In all the decks of Tarot de Marseille,the wheels are beside it and perpendicular to it,so this chariot can t carry us nowhere.
Different is the case of the Cary Sheet where both wheels are parallel to it,so this chariot can carry us to anywhere.
4-I am agree with Plato link with the Soul.
5-Regarding the yada,yada,yada deck...
I did not found yet.
The Universe is like a Mamushka.

Re: Jean Baptiste Madenie back card

27
It is very surprising just for me a student not of course at the cloud nine (Temptation song I mean here ),as many few others here,that regarding the XVIII,the moon is in profile,having in mind this is a deck very closer to Pierre Madenie,so of 1709.
So placing it between Noblet and Dodal...
And then doing a jump to Conver so to 1760.

* What a hell is this ???
The Universe is like a Mamushka.

Re: Jean Baptiste Madenie back card

28
EUGIM wrote:It is very surprising just for me a student not of course at the cloud nine (Temptation song I mean here ),as many few others here,that regarding the XVIII,the moon is in profile,having in mind this is a deck very closer to Pierre Madenie,so of 1709.
So placing it between Noblet and Dodal...
And then doing a jump to Conver so to 1760.

* What a hell is this ???
This is Tarot de Marseille I and Tarot de Marseille II, it's another one of the differences between the decks.

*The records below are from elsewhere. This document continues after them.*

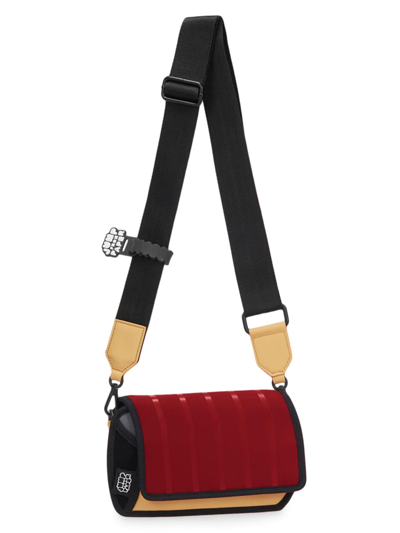 Jump From Paper Outer Stripe Crossbody Bag In Red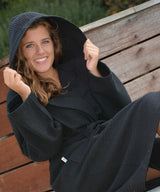 Hooded Waffle Bathrobe - Light Pink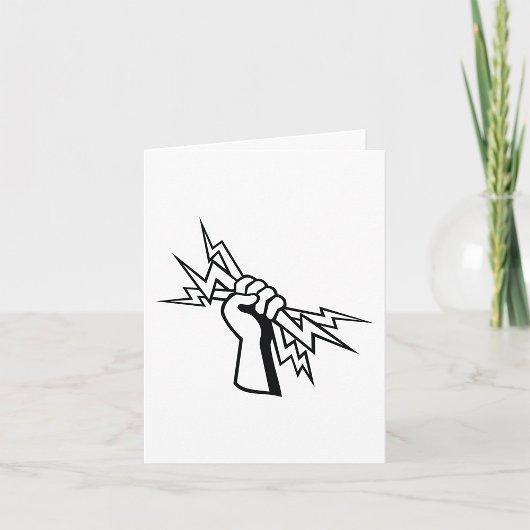 Fist Holding Blitz Bolt Bold Power Karte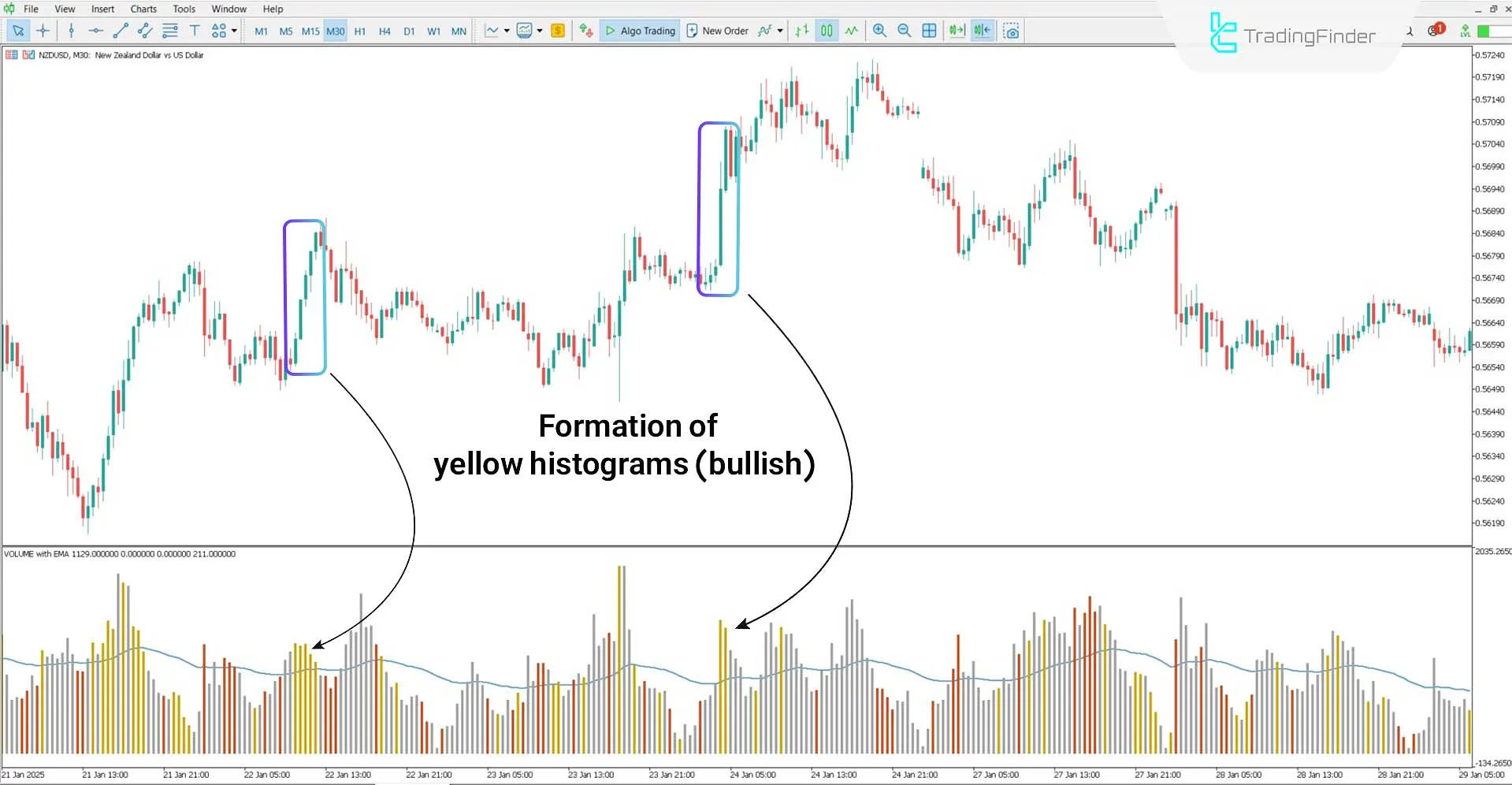 Identifying a Bullish Trend with HawkEye Volume Oscillator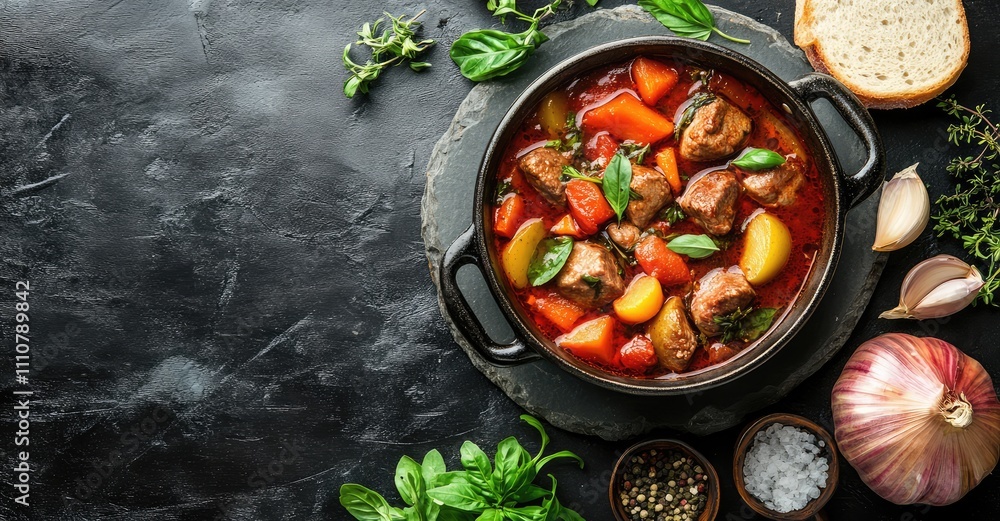 Veal Stewed with Vegetables in Tomato Sauce. AI generated illustration. Veal Stewed with Vegetables in Tomato Sauce. AI generated illustration.
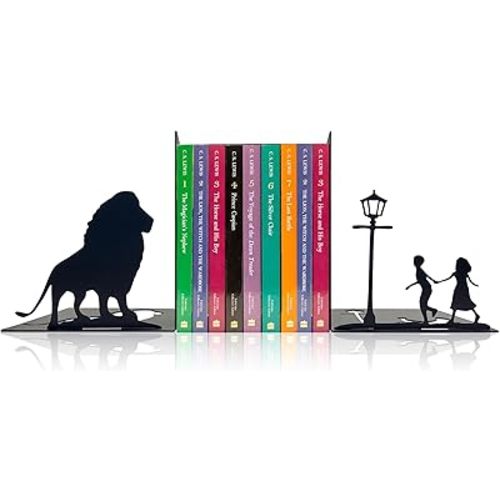 Lion & Lamp Post Decorative Bookends – Magical Themed Book Ends for Shelves, for Narnia Fans & Literary Decor Lovers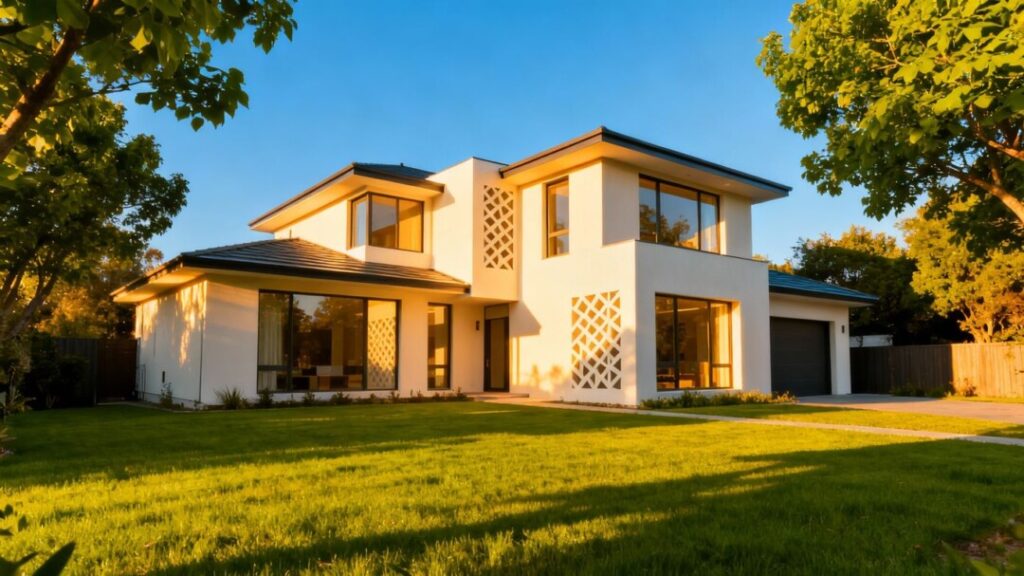 Davenport house with curb appeal and blue sky.
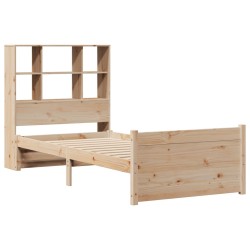 Lit bibliothèque sans matelas 90x190 cm bois de pin massif 
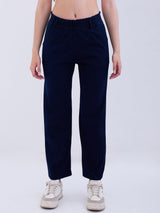 Women Trackpant Straight Fit Dark Blue High Rise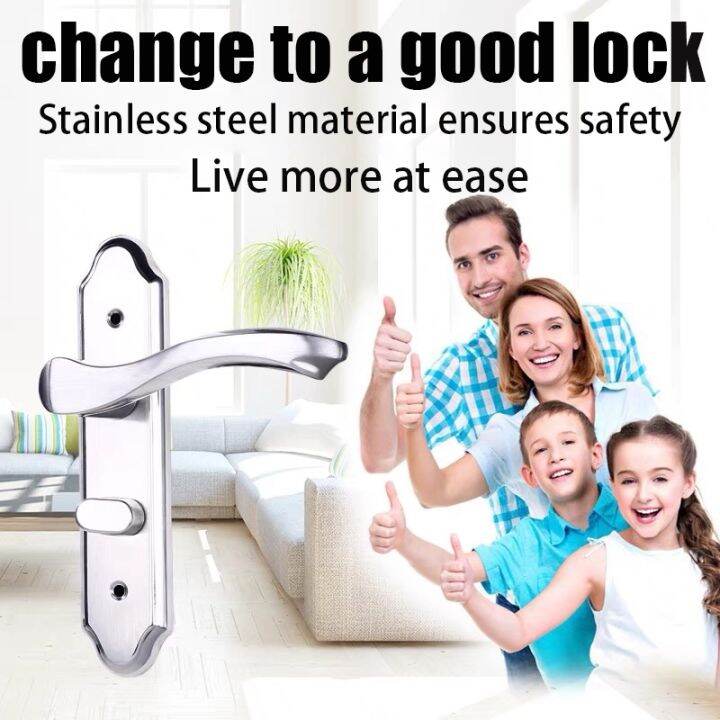 Hot 304 stainless steel Door Knob Set Silent Door Lock AntiTheft Room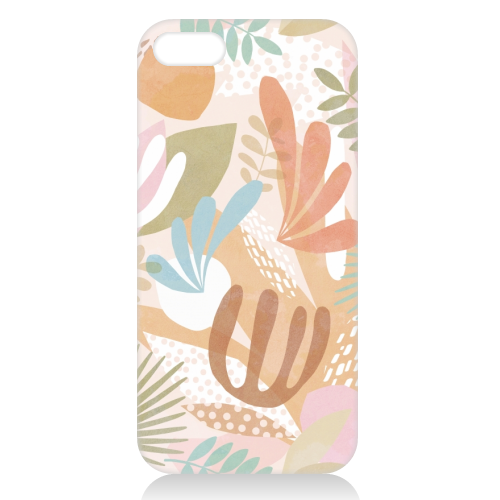 "Tropical Boho Jungle Pattern 1 Peach, Pink, turquoise" - unique phone case by Dominique Vari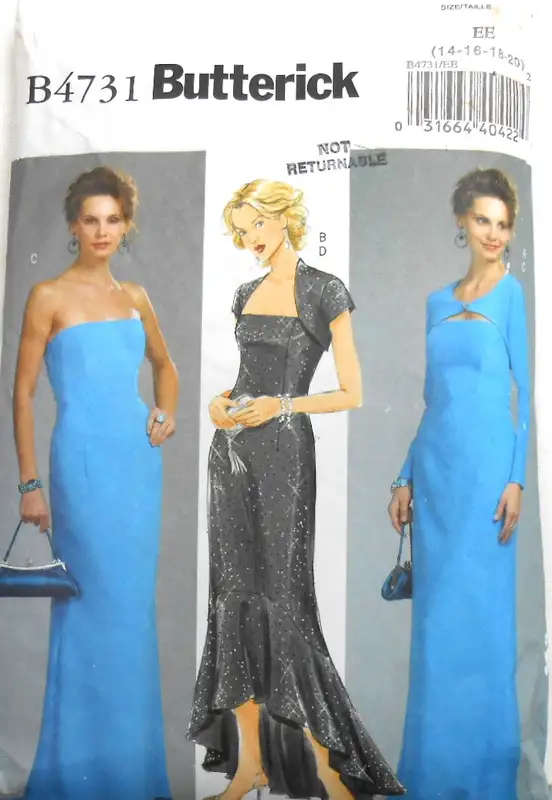 BUTTERICK B4731 STUNNING EVENING DRESS & SHRUG COMPLETE- SIZE 14-16-18-20-CUT TO 18 SEWING PATTERN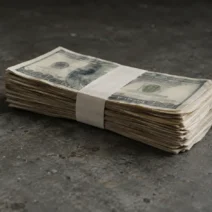 HYROX prize money 2026/27: stack of dollar bills on a concrete surface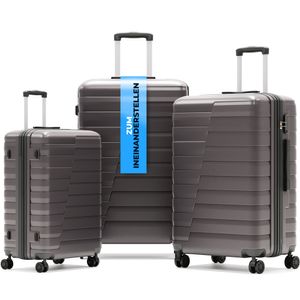 SRK smarTravel Kofferset 3 teilig grau in klein, mittelgroß & groß | Hochwertiges ABS Koffer Set | Handgepäck Koffer & Reisekoffer | Hartschalenkoffer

Dodal could be from before 1709, but it really doesn't matter, you seem to be implying that things followed one another in absolute order, it didn't. We have Tarot de Marseille I show up in the 1800s, it's no big deal. We have two styles of Tarot de Marseille. The earliest example of Tarot de Marseille I is Noblet in 1650, and of Tarot de Marseille II, we'll say.. is Chosson 1672. Does that mean the Noblet invented Tarot de Marseille I in 1650? No. Does it mean that Chosson invent Tarot de Marseille II in 1672? No. We don't have all of the decks!!! There might have been dozens of other cardmakers as well who could have invented the Tarot de Marseille I and Tarot de Marseille II, and it could have happened any time in dozens of years before Noblet or Chosson. We don't know which pattern is older (although I think there is some good evidence for Tarot de Marseille, it isn't clear cut). Both patterns spread around parts of Europe, and in MANY cased were intertwined and reworked time and time again. It's not like the Tarot de Marseille I just stopped being made, although it is true that the Tarot de Marseille II, which really , is generally more aesthetically pleasing for many people, became the longer lasting pattern. But there is no reason at all to be surprised that both were co-existing at the time even in the same places!